Contrast was highest on average for the original painting (M = 1.221; SE = .080) than the rotations (Angle 90°: M = 1.101; SE = .054; Angle 180°: M = 1.001; SE = .046; Angle 270°: M = 1.017; SE = .049). Analogously, the analysis of color contrast within De Valois space, showed a significant effect of Angle, F(3, 63) = 10.18, p < .0001; η² = 0.327. Contrast was highest on average for the original painting (M = 1.247; SE = .089) than the rotations (Angle 90°: M = 1.039; SE = .078; Angle 180°: M = 1.116; SE = .059; Angle 270°: M = 0.98; SE = .063). To visualize reductions in color contrast introduced by each of the three angles of rotation away from the original, we show in Figure 5 two examples of paintings (in color) and below each angle of rotation (in grayscale), the corresponding color contrast levels (i.e., each pixel's distance from the mean, according to Equation 5 before the average distance is calculated).

Visualization of color contrasts within De Valois space for two of the paintings after 0° (original), 90°, 180°, and 270° rotation around the mean color in CIELAB color space. The grayscale images show each pixel’s distance from the mean color.
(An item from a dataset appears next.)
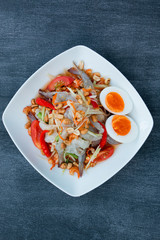 Green Papaya Salad (Som tum Thai) mixed with seafood and boil eg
A linear regression between the color contrast obtained for all paintings in the CIELAB and De Valois spaces, revealed that the two measurements were very highly related, r = .974 (when using originals) and r = .903 (when adding the rotated versions).
Discussion
Our computations of color contrast showed significant reductions with rotations away from the original painting. Contrast consisted of a global measure of the difference between the colors in the image (in opponent color space, a* and b*, or RG and YB). For example, a painting consisting of several areas with opponent colors will have a higher color contrast than a painting consisting of several areas with more similar hues. When contrast is high, the visibility of the image is also high, but based on chromatic differences only (not in luminance). We found significant reductions after rotations and in both color spaces (Figure 4), though they tended to yield larger effect sizes in De Valois space than CIELAB. As expected, the original paintings showed the highest levels of color contrast. Interestingly, both color spaces yielded highly related estimates of color contrast for all paintings.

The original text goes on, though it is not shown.